Digital Image Correlation (DIC) – GOM ARAMIS
The ARAMIS system measures by using a contact-free and material-independent method based on the principle of digital image correlation. The images of the test specimens under load that were recorded with high-resolution cameras or high-speed cameras are evaluated. The system determines the gray value distribution for thousands of subsections in each camera image and gives the subpixel-accurate positions of the corresponding measuring points in all images, from which then the 3D coordinates are calculated by triangulation.
The evaluation of this surface information for all load levels during the time in the 3D space delivers the exact X, Y and Z displacements, velocities and accelerations. Furthermore, ARAMIS determines from the 3D coordinates the surface strains, such as, major and minor strain.
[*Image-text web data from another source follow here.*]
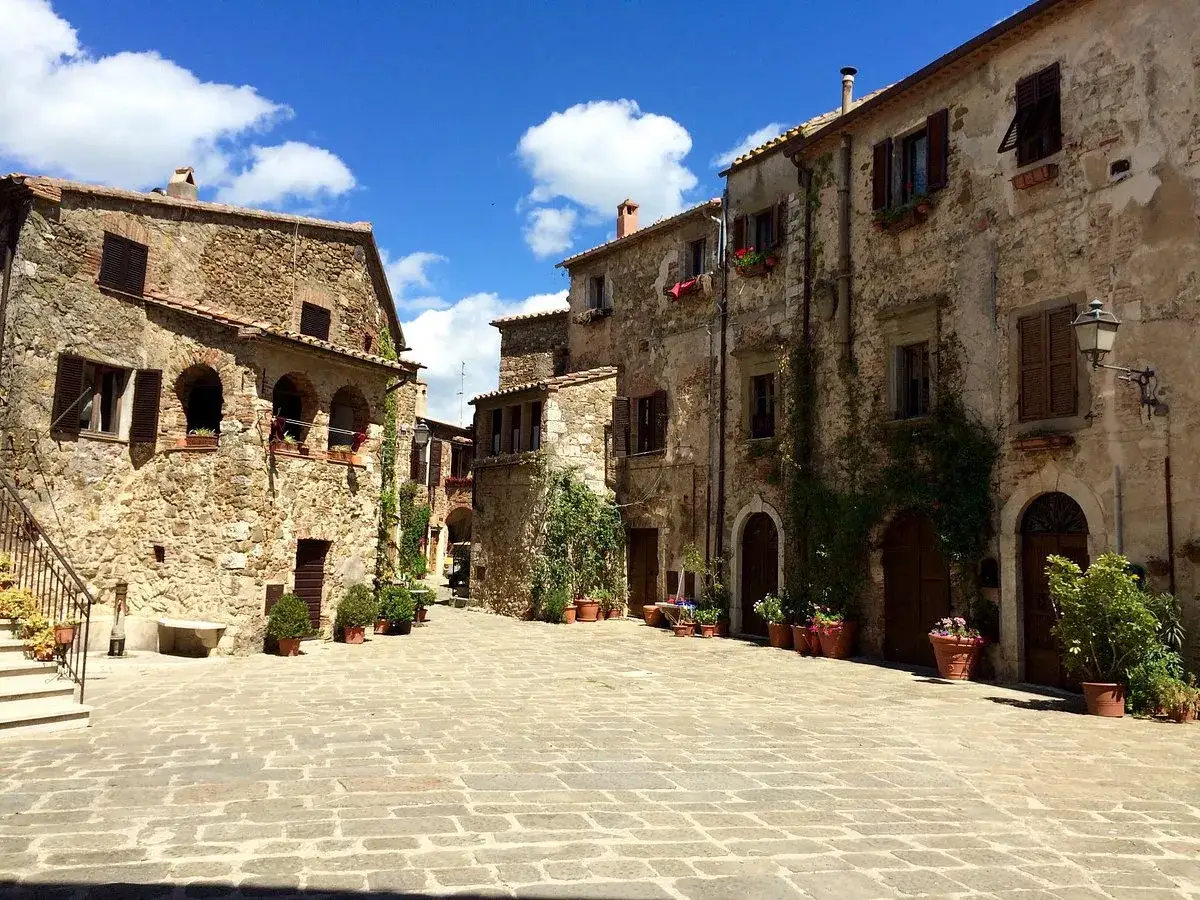 Piazza acciottolata a Montemerano, con antichi palazzi in pietra e fiori in vaso. Un luogo incantevole da scoprire.
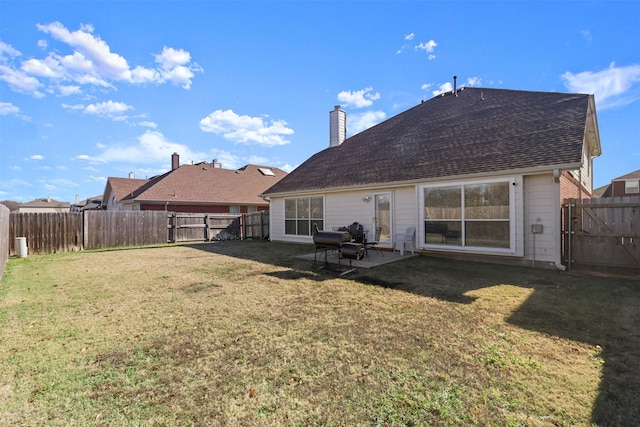 back of house featuring a patio and a lawn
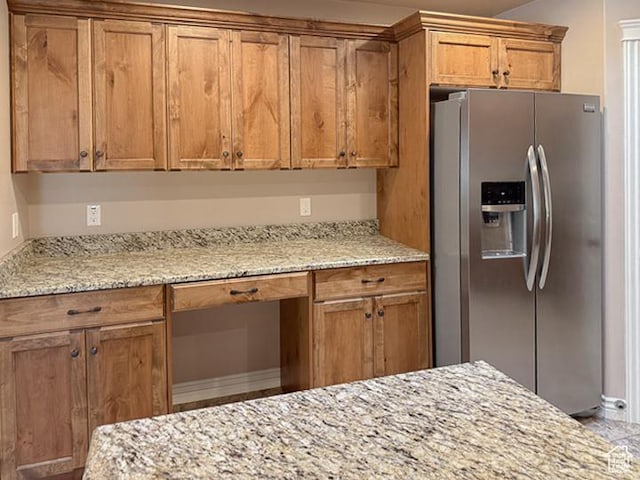 kitchen with stainless steel refrigerator with ice dispenser, brown cabinetry, built in study area, and light stone countertops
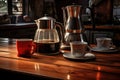 freshly brewed coffee pot alongside empty mugs on a table
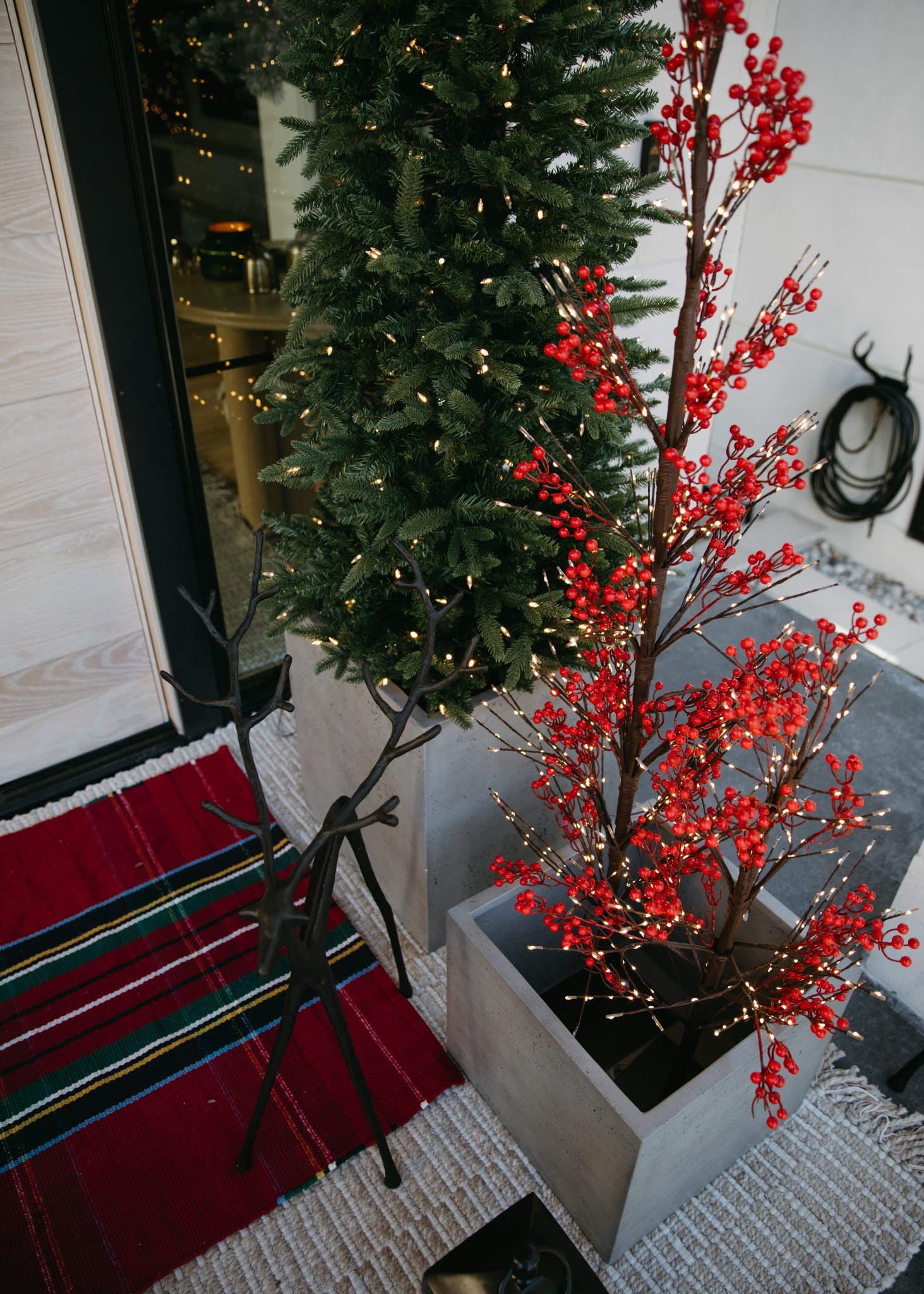 Can’t go wrong with a layered rug look. The Stewart Plaid is so cute for Christmas! Christmas front porch details linked below.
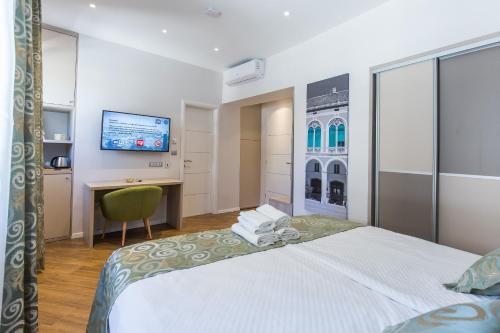 a hotel room with a large bed and a desk at AML apartments in Split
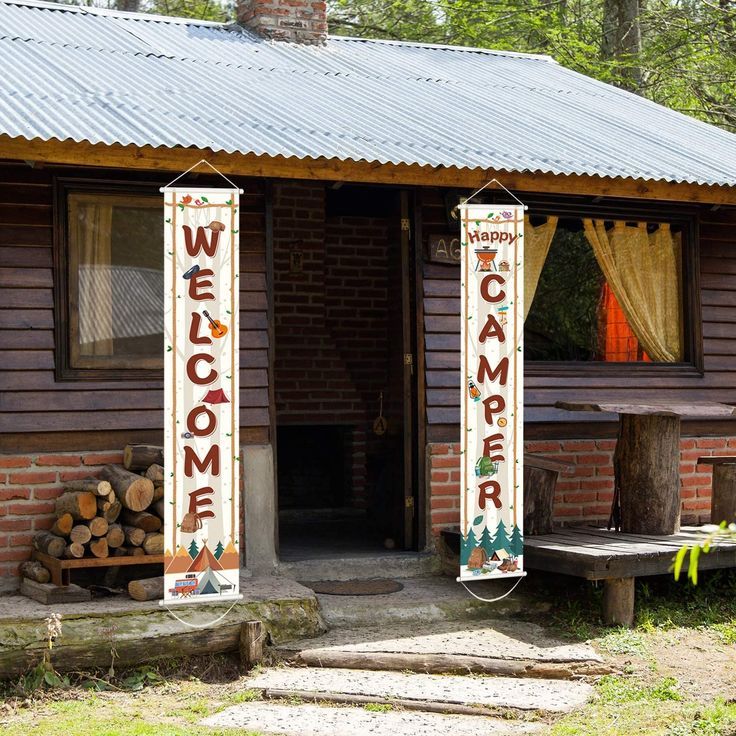 a small cabin with two welcome signs on the front door and one sign that says welcome to camper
Proceeding from these measuring data, material parameters are determined, numerical simulations are validated and component motions and deformations are analyzed. The ARAMIS system can be used for specimen sizes in the range from several square millimeters to several square meters and supports both high-definition and high-speed cameras with frame rates up to more than 1,000,000 Hz.
Infrared Thermography – InfraTec
The thermography systems of the VarioCAM® HD series and the ImageIR® series with the latest detector technology are characterized by excellent metrological properties. The thermography cameras achieve a spatial resolution up to (2,560 x 2,048) IR pixels. This allows images and sequences to be created with unmatched spatial resolution, effectively avoiding geometrical measuring errors. Due to the excellent thermal resolution of up to 20 mK, even the smallest temperature differences can be accurately represented.
The optical path of the cameras consists of exchangeable infrared lenses, which can be equipped with a motor focus unit. Fast and precise focusing is achieved via the camera operating software. You can choose between the autofocus function and manual focusing. The use of infrared lenses with f/1.0 concept and very high luminous intensity enables the creation of thermograms that are free of undesired warm aperture effects or image inhomogeneities.